Müftü nikahı meselesinde illa taraf mı olacağız?

    0

    Müftülerin kıyacağı nikah konusu hükümet tarafından gündeme getirildi, yine her kesim kendi meşrebine göre tavır belirlemesi gerektiğini düşündü.

    Oysa güncel konumuz bu olmamalı. Uzun bir süreden sonra adalet paydası altında toplanma ihtimalimizin belirdiği bugünlerde önümüze konan yeni bir tuzağa kapılıveriyoruz. Toplumun ortaklaşmayı önemsemesi gereken bir zaman ve mekan diliminde hangi gerekçeyle olursa olsun ayrışmayı öğütleyecek seslere kulak asmaması gerekir. Bundan dolayı bu konunun tartışılmasının dahi bir yeni yanlış üreteceğini düşünüyorum.

    İnanılmaz adaletsizliklerin olduğu bir yerde bu konunun tartışma konusu olması bir haksızlıktır. Toplumda ne zaman adalet konusunda bir ortak adım ihtimali belirse ortak paydanın içine sokulacak bir çomak konusu bulunabiliyor. Bu bazen kürtaj konusu, bazen alkollü içkilerin satışı konusu bazen de nikah konusu olabiliyor. Açlıktan ölmek üzere olan bir insana aksesuar sunmak gibi birşey bu.

    Bu tatlı bir yemdir, yemin peşinden gidenimizin bol olması oltayı atanın ağzını kulaklarına vardırıyor. Bu yasa tasarısının  gündem olması yıllar sonra yakaladığımız büyük ortak adalet paydası ihtimalinin suya düşmesi demektir.

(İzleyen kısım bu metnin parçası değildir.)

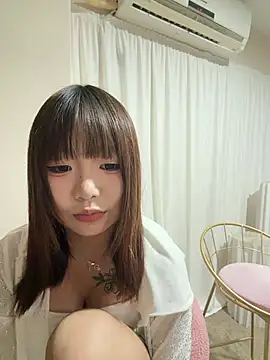 xy520-18 online show from 4, 7, 2026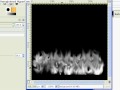 Fire Effects with Gimp TUTORIAL Fire Effects with Gimp TUTORIAL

Çünkü bu memlekette bu tür hassas konuların tartışılmasının akıbeti bellidir, keskin bir kutuplaşma ve tüm kazanımların iptali…

    Eğer “bu konuları illa tartışmak istiyoruz” deniyorsa mümkün olduğu kadar dili sivrileştirmemeyi başarmak gerekir.

    Adalet konusu bu ülkenin en büyük konusudur. Bu alanda 100 yıl sonra minik adımlar atılmaya başlanmışsa bunları yeterli görmek büyük hatadır. Ne kadar gayret edilse az olacak gayret konusu budur sanırım. Adalet üzerine birçok kurultay, çalıştay, halk toplantısı yapılmalıdır.Yeni metinler yazılmalı, tartışmalı konuları tekrar masaya yatırmalıyız. Bunu yapmak yerine basit tuzaklara kapılmak ise adeta ayağımıza sıkmaktır.